Bacevich argues that the status quo benefits those in power in Washington:

“…rather than addressing the problem of dependence, members of our political class seem hell-bent on exacerbating the problem…To hard-core nationalists and neoconservatives, the acceptance of limits suggests retrenchment or irreversible decline.  In fact, the reverse is true.  Acknowledging the limits of American power is a precondition for stanching the losses of recent decades and for preserving the hard-won gains of earlier generations going back to the founding of the Republic.”

In a 2008 interview with Bill Moyers, Bacevich said, “I happen to define myself as a conservative,” yet when you read his prescription for addressing the ills he enumerates, they parallel those of Dr. Jill Stein, the Green Party candidate for president. Moyers interviewed Stein on September 7: http://billmoyers.com/segment/jill-stein-and-cheri-honkala-on-third-party-politics/

Dr. Jill Stein, Green Party presidential candidate

Dr. Stein graduated summa cum laude from Harvard Medical School, and has specialized in environmental health.  She got her start in politics with a successful effort to pass a referendum to reform election spending in Massachusetts.  Reality set in when the Democratically controlled legislature overturned the people’s will in an unrecorded vote.

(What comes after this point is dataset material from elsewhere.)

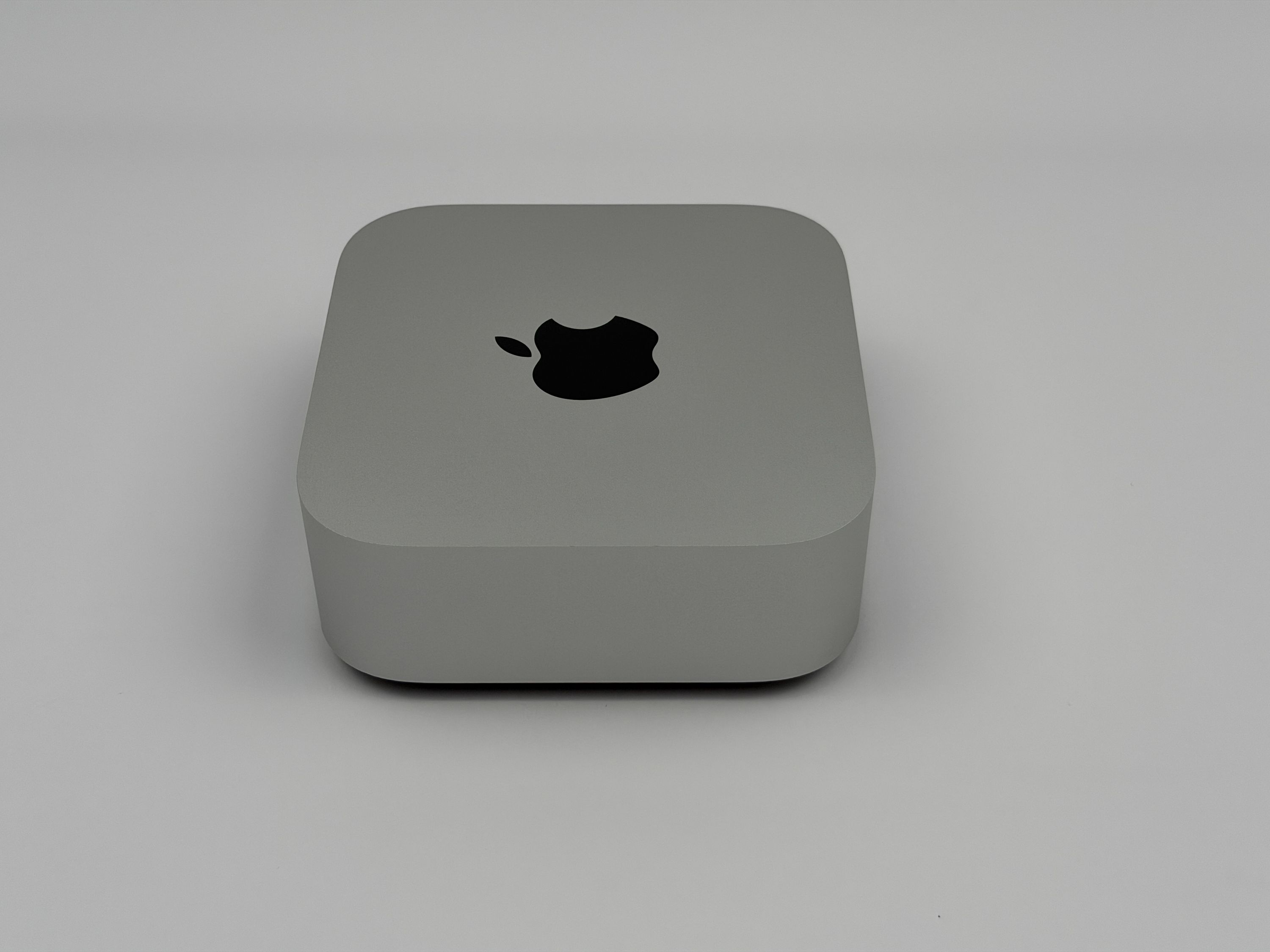 Apple Mac Mini M4 Pro 14-Core CPU 20-Core GPU 48 GB RAM 1 TB SSD SILBER 2024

Both mainstream presidential candidates refer to their “plans” to create jobs, though they haven’t offered specifics.  Stein has a plan too:  cut defense spending in half and use the money to fund a “Green WPA” which would train and employ many of those now unemployed to work toward true energy independence.

In a 2008 interview with Moyers, Bacevich answered the obvious objection that cutting defense spending would jeopardize national security.  Those persons and groups that wish us harm are ““akin to a criminal conspiracy…Rooting out and destroying the conspiracy is primarily the responsibility of organizations like the FBI, and of our intelligence community, backed up at times by Special Operations Forces.  That doesn’t require invading and occupying countries.”  Events last year proved him correct.

***  

What chance do ideas like these have of making it into the mainstream?  Little or none at present, but I don’t think that is the point.  Ideas rooted in reality can be seeds that sprout over time.  The first Earth Day was a peripheral event, but it has picked up momentum every since.

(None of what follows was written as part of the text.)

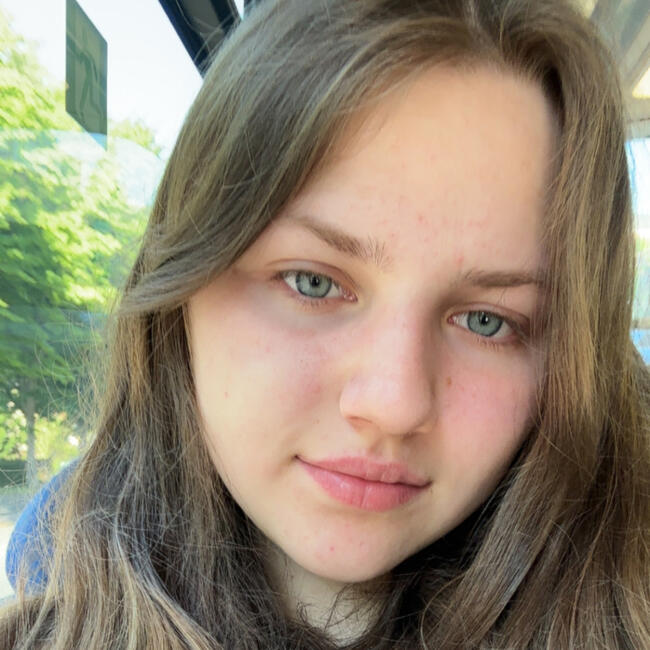 Babysitter in Saint-Lô: Lola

Bacevich repeatedly stresses that not all limits are bad, and despite the title of his book, affirms that he does believe in American exceptionalism  “if American exceptionalism implies that there are certain qualities that make the United States of America a special place, a wonderful place– a place worthy of a patriot’s love.”

In the course of their critiques, both Bacevich and Stein affirm that it’s love of country and citizens that motivates their efforts to change what’s broken.

After all, what other nation on earth could have invented the World Series?

Stories, Dreams, Politics, and Baseball

Yesterday, I struck up a conversation with another San Francisco Giants fan about the possible conflict between the National League Championship Series and Monday’s Presidential Debate.  The Giants are down three games to two.  If they pull off a win tonight, the final game will be Monday.

Later, considering which program I want to watch vs. the one I should watch, I thought of how clear it’s become to me that this election is not about the candidates themselves, but about the visions, or perhaps more accurately, the stories about America they embody.  Most people seem less than thrilled by the candidates themselves, but everyone takes the stories seriously.

A high school history teacher planted the seeds of this understanding decades ago.  At the time of another presidential election, he suggested that most voters are swayed by an image of times past, a story of “the good old days,” which probably never existed.  He argued that the imagination of the conservatives of his day echoed the television show, Bonanza.

The Cartwrights (l-r), Adam, Little Joe, Ben, and Hoss. Public domain.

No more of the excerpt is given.